A look at the predicted/analogue (left) vs the actual height anomalies (on the right) show a rather poor miss:
[attachment=263251:blogentry-9298-0-92446000-1414943296.png][attachment=263250:2015 winter.png]
There are a few similarities, including a weakish negative height anomaly over southern Europe and mean ridging from Alaska to central Russia, but the main point of interest from the analogue, a stonking Greenland high with a negative anomaly stretching across from the US to southeastern Europe, is absent, replaced by a fairly typical +ve NAO pattern.
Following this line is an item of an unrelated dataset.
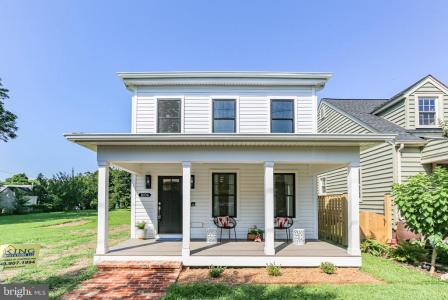 1606 Charles Street, Fredericksburg, Virginia 22401, USA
Why was this, when so many indicators (-(very -ve QBO coupled with weak El Nino, positive Snow Advance Index, negative OPI [the latter index clearly needs a bit of work to say the least]) pointed towards a very blocked pattern? The clue, as is often the case, is in the stratosphere:
[attachment=263259:strat.png]
Much as it tried, and there was some pretty hefty wave 1 activity through the first half of winter, the SSW that we probably needed to fulfill the predictions simply never came through, and we ended up with a fairly strong Greenland based vortex. Part of that may be linked to solar activity - after a bit of a drop off in summer 2014 we again saw a peak during the winter [attachment=263263:solar-cycle-10-cm-radio-flux.gif]
This appears to have a particularly strong impact during the -ve phase of the QBO, where papers suggest the -ve QBO actually acts to enhance the solar signal and propagate westerlies northwards, strengthening the polar vortex ( [url="http://onlinelibrary.wiley.com/doi/10.1002/jgrd.50424/full"]http://onlinelibrary.wiley.com/doi/10.1002/jgrd.50424/full[/url] )
As Tony (Lorenzo as he's known on here) pointed out a month or so ago, taking an 'additive' approach to these variables(as I did last winter) may not be the most effective method, and I'll certainly take that into account this winter.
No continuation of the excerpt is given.